And like I said, the problem with this guy, you’ll see as we get into his email, he’s kind of being like a robot. The idea is to facilitate the process of her interest growing, so she wants to spend more time with you, she wants to come over to your place more. Or you can just have a spontaneous date. It’s like, “Hey, I’ll be free at 8:00. Let’s go have a bottle of wine at that wine bar around the corner from my place. I’ll pick you up at 8:00,” or whatever it happens to be. Or her place. Don’t be a robot. Kind of go with the flow and just kind of sense things. If she likes you and she misses you, she’s going to reach out.

It is now Tuesday and we are seeing each other again on Thursday. On Monday she sent me a Snapchat video of her and her dog in the dog park with the caption, “You see us in the dog park, what you doing?” I replied, “If I see you in the dog park? I’ll come give your dog a big hug.”

Photo by iStock.com/DjordjeDjurdjevic

I like that response because it’s playful, it’s totally innocent.

She replied, “Honestly that is fair.”

Because obviously everybody loves their dogs and their animals.

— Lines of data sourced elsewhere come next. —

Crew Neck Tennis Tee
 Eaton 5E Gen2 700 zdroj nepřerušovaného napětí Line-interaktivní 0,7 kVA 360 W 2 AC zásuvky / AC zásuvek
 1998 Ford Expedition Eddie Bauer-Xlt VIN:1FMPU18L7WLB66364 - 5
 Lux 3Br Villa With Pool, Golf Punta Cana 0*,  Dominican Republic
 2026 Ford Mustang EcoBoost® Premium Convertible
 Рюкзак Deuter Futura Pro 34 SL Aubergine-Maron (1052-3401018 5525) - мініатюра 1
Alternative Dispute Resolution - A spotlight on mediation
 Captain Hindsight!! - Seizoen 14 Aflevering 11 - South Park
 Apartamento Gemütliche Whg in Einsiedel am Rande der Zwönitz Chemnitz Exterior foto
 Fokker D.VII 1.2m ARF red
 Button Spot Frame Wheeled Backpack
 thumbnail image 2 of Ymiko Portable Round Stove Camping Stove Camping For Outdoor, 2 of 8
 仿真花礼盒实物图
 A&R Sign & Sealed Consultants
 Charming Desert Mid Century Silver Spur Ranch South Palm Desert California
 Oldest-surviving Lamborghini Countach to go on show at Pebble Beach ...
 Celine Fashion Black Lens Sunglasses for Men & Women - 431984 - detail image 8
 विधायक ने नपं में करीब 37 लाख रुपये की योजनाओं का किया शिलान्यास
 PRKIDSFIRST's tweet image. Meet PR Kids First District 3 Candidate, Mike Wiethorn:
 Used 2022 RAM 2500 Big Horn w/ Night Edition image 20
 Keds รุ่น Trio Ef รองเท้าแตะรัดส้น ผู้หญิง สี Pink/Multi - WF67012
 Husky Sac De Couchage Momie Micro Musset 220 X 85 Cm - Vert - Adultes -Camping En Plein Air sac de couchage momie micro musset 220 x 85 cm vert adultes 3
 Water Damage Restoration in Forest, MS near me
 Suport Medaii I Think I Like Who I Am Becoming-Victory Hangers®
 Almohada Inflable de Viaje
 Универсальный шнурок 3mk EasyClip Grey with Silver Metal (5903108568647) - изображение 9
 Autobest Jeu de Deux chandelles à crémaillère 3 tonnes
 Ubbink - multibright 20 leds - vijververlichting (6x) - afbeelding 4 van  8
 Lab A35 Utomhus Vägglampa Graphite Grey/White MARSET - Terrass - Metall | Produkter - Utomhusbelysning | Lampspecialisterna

And in a way, you’re kind of teasing her, “Well, I kind of like your dog better than I like you. I’ll be really happy to see your dog.” You’re not being rude. You’re just being kind of silly, and goofy, and playful. That’s perfect.

And her reply was a selfie, which I could tell she was trying to look as cute as possible.

Feminine energy grows through praise, so that’s why she’s doing it.

I did not reply to that.

I would have liked it. I would have said, “Babe, you’re looking really cute in that outfit. I like that blouse on you,” or “That skirt looks really hot. Can’t wait to take it off next time we’re together.”

Today she sent another video of her dog. I replied, “Cute, thanks for sharing.” She replied to that, “Thank you, here is a kiss,” and a selfie of herself making a kissy face. I just said, “Thank you very much.”

At this point, six weeks in, he could definitely be spending more time with her. I know he’s got a date set with her a few days in the future, but if she’s texted you several times a day and you’ve got nothing going on that night and you’re just chilling, you’d say, “Hey, I’m just going to chill and relax tonight and probably have a few beers, binge watch some Netflix or something. I’d love to see you if you want to come over. Bring your dog, so your dog and I can hang out.” Something like that, something kind of goofy. And more than likely, she’ll probably come over. The whole idea is to hang out, have fun and hook up. Create an opportunity for to happen.

Photo by iStock.com/Deagreez

Again, what I’m talking about right now is not going to happen in the first or second week of dating. These are not things you going to do in the first or second week. This guy right now, where he’s at, he’s six weeks in. And so, it’s going to be okay to invite her over more frequently and not really have official dates. But invite her over, because you’re the gift, you’re the prize. She’s missing you, she’s thinking about you.

Yeah, it will build more anticipation if you wait until Thursday to see her. Maybe you have nothing available, but like I said, if you’re available at night and you want to see her and you’re like, “I don’t want to wait until Thursday, and she’s kind of messaging me every day and trying to get my attention, so let me give her the gift of my time, because she’s treating me awesomely.”

If a girl treats me properly, she gets a gift to my time. And she’s cold and distant, I’m okay with that too. It doesn’t bother me one way or another. I’m completely indifferent to it. I’m happy if she’s in my life. I’m happy if she’s not in my life. Either way, it’s cool because the right people, the right person, the right girl is going to want to be in my life. So, you don’t overthink it. And she might say, “Oh, I’d love to come over tonight, but I can’t. I’ve got to do this.” It’s like, “Alright, babe. Well, I can’t wait to see you Thursday. I’ve got to run. Have a good night.”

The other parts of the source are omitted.